Matrix-vector multiplication

Let $f$ be a linear function with 2D vectors as inputs. Previously we noticed that the whole function is completely defined by $\red{f(1,0)}$ and $\blue{f(0,1)}$; if you know what those are, you can calculate $f(x,y)=x\red{f(1,0)}+y\blue{f(0,1)}$ with any $x$ and $y$. We will now introduce some notation to make this easier.

Matrices as a way to write a linear function

It is common to write the vectors $\red{f(1,0)}$ and $\blue{f(0,1)}$ into a matrix so that $\red{f(1,0)}$ is the first column and $\blue{f(0,1)}$ is the second column.

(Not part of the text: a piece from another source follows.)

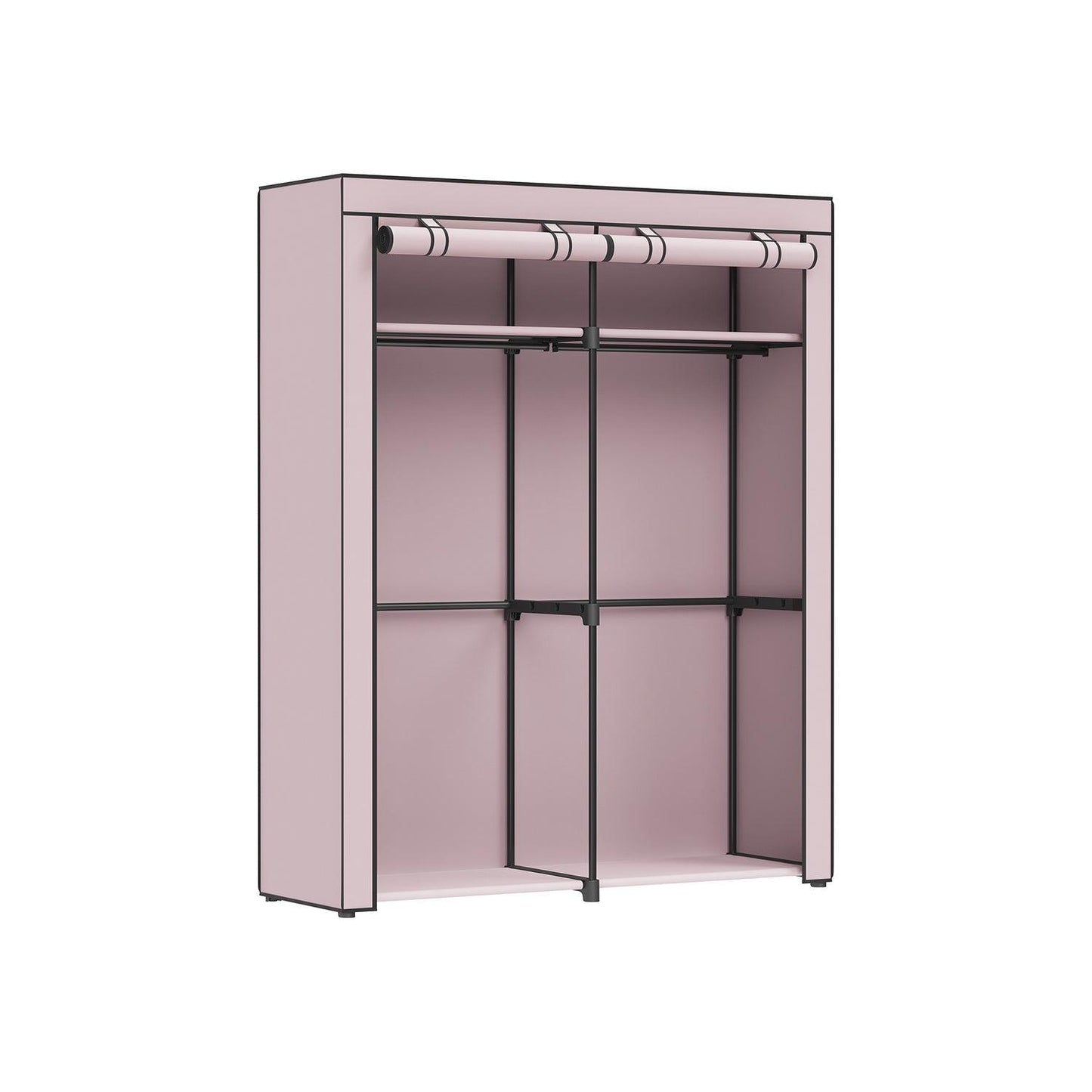 Portable Closet Wardrobe with Non-Woven Fabric Cover FredCo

For example, for $\red{f(1,0) = (2,3)}$ and $\blue{f(0,1) = (4,5)}$, the matrix would be $$ \begin{bmatrix} \red2&\blue4 \\ \red3&\blue5 \end{bmatrix}. $$ A matrix is just a grid of numbers. It doesn't have to be the same size in both directions. For example, if $f$ takes 3D inputs and produces 2D outputs, so that $\red{f(1,0,0)=(2,3)}$, $\blue{f(0,1,0)=(4,5)}$ and $\green{f(0,0,1)=(6,7)}$, the matrix would be $$ \begin{bmatrix} \red2&\blue4&\green6 \\ \red3&\blue5&\green7 \end{bmatrix}. $$

The matrix of a linear function $f$ is a matrix whose columns are $f(1,0,0,\dots,0)$, $f(0,1,0,\dots,0)$, $\dots$, $f(0,0,\dots,0,1)$, written vertically.

A matrix with 2 rows and 3 columns is also called a $2 \times 3$ matrix. Note that the number of rows goes first, even though usually $x$ goes before $y$. To prevent this confusion, in these derivations I tend to say something like "width 3 and height 2" instead of "$2 \times 3$ matrix".

Examples:

Introducing matrix-vector multiplication

In this context, instead of writing vectors like $(10,20)$, they are usually written like $$ \begin{bmatrix}10\\20\end{bmatrix}. $$ Writing a matrix and a vector next to each other, e.g. $$ \begin{bmatrix}2&4 \\ 3&5 \end{bmatrix}\begin{bmatrix}10\\20\end{bmatrix} $$ means $f(\text{the vector})$, where $f$ is the linear function corresponding to the matrix. For example, with a 2D linear function $f$, we have $f(x,y)=x\red{f(1,0)}+y\blue{f(0,1)}$, so if $\red{f(1,0)=(2,3)}$ and $\blue{f(0,1)=(4,5)}$, we get $$ \begin{align} f({10},{20})&={10}\red{f(1,0)}+{20}\blue{f(0,1)} \\ = \begin{bmatrix} \red2 & \blue4 \\ \red3 & \blue5 \end{bmatrix} \begin{bmatrix} {10} \\ {20} \end{bmatrix} &= {10}\red{\begin{bmatrix} 2 \\ 3 \end{bmatrix}} + {20}\blue{\begin{bmatrix}4 \\ 5 \end{bmatrix}} =\begin{bmatrix} 20+80 \\ 30+100 \end{bmatrix} = \begin{bmatrix} 100 \\ 130 \end{bmatrix}. \end{align} $$

Multiplying a matrix and a vector means creating a linear combination of the columns of the matrix with numbers from the vector as coefficients. This calculates $f(\text{the vector})$, where $f$ is the linear function corresponding to the matrix.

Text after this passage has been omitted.